### Exercise description
The answer must consist of the records, repeated exactly.
——————
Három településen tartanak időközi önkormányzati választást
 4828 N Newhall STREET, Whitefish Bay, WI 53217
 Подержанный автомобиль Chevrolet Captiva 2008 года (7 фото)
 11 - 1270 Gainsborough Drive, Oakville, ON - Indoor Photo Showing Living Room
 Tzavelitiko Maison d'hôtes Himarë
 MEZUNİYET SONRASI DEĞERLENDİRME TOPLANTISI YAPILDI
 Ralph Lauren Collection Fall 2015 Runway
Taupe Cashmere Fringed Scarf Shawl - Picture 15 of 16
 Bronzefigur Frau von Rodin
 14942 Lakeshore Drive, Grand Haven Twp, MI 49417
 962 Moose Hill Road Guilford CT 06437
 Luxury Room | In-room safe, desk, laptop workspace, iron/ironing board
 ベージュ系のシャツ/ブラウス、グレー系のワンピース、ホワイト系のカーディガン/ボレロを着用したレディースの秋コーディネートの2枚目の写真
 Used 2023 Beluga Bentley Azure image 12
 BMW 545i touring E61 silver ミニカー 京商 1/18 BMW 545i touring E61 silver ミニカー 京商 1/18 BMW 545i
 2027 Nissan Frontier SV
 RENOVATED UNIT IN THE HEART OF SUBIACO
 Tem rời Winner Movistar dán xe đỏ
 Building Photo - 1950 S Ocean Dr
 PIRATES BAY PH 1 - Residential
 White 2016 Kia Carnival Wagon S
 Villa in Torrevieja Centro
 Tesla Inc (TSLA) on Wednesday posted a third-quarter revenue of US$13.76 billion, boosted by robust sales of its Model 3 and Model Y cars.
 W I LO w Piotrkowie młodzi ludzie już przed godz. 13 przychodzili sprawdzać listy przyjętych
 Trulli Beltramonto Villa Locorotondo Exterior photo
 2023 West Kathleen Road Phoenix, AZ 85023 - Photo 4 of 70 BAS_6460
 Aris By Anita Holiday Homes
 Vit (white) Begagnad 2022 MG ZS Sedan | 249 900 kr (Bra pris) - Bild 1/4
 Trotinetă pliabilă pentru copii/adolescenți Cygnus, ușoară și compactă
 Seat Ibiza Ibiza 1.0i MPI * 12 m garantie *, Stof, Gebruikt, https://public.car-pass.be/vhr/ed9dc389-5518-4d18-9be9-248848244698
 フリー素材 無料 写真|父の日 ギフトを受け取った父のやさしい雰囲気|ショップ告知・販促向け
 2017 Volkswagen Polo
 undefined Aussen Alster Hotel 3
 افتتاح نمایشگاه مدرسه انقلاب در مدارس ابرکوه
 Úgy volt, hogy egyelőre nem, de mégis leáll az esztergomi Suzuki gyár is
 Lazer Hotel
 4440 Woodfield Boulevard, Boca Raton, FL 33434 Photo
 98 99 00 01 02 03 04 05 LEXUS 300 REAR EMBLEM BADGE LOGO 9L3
——————
### Solution to the problem
Három településen tartanak időközi önkormányzati választást
 4828 N Newhall STREET, Whitefish Bay, WI 53217
 Подержанный автомобиль Chevrolet Captiva 2008 года (7 фото)
 11 - 1270 Gainsborough Drive, Oakville, ON - Indoor Photo Showing Living Room
 Tzavelitiko Maison d'hôtes Himarë
 MEZUNİYET SONRASI DEĞERLENDİRME TOPLANTISI YAPILDI
 Ralph Lauren Collection Fall 2015 Runway
Taupe Cashmere Fringed Scarf Shawl - Picture 15 of 16
 Bronzefigur Frau von Rodin
 14942 Lakeshore Drive, Grand Haven Twp, MI 49417
 962 Moose Hill Road Guilford CT 06437
 Luxury Room | In-room safe, desk, laptop workspace, iron/ironing board
 ベージュ系のシャツ/ブラウス、グレー系のワンピース、ホワイト系のカーディガン/ボレロを着用したレディースの秋コーディネートの2枚目の写真
 Used 2023 Beluga Bentley Azure image 12
 BMW 545i touring E61 silver ミニカー 京商 1/18 BMW 545i touring E61 silver ミニカー 京商 1/18 BMW 545i
 2027 Nissan Frontier SV
 RENOVATED UNIT IN THE HEART OF SUBIACO
 Tem rời Winner Movistar dán xe đỏ
 Building Photo - 1950 S Ocean Dr
 PIRATES BAY PH 1 - Residential
 White 2016 Kia Carnival Wagon S
 Villa in Torrevieja Centro
 Tesla Inc (TSLA) on Wednesday posted a third-quarter revenue of US$13.76 billion, boosted by robust sales of its Model 3 and Model Y cars.
 W I LO w Piotrkowie młodzi ludzie już przed godz. 13 przychodzili sprawdzać listy przyjętych
 Trulli Beltramonto Villa Locorotondo Exterior photo
 2023 West Kathleen Road Phoenix, AZ 85023 - Photo 4 of 70 BAS_6460
 Aris By Anita Holiday Homes
 Vit (white) Begagnad 2022 MG ZS Sedan | 249 900 kr (Bra pris) - Bild 1/4
 Trotinetă pliabilă pentru copii/adolescenți Cygnus, ușoară și compactă
 Seat Ibiza Ibiza 1.0i MPI * 12 m garantie *, Stof, Gebruikt, https://public.car-pass.be/vhr/ed9dc389-5518-4d18-9be9-248848244698
 フリー素材 無料 写真|父の日 ギフトを受け取った父のやさしい雰囲気|ショップ告知・販促向け
 2017 Volkswagen Polo
 undefined Aussen Alster Hotel 3
 افتتاح نمایشگاه مدرسه انقلاب در مدارس ابرکوه
 Úgy volt, hogy egyelőre nem, de mégis leáll az esztergomi Suzuki gyár is
 Lazer Hotel
 4440 Woodfield Boulevard, Boca Raton, FL 33434 Photo
 98 99 00 01 02 03 04 05 LEXUS 300 REAR EMBLEM BADGE LOGO 9L3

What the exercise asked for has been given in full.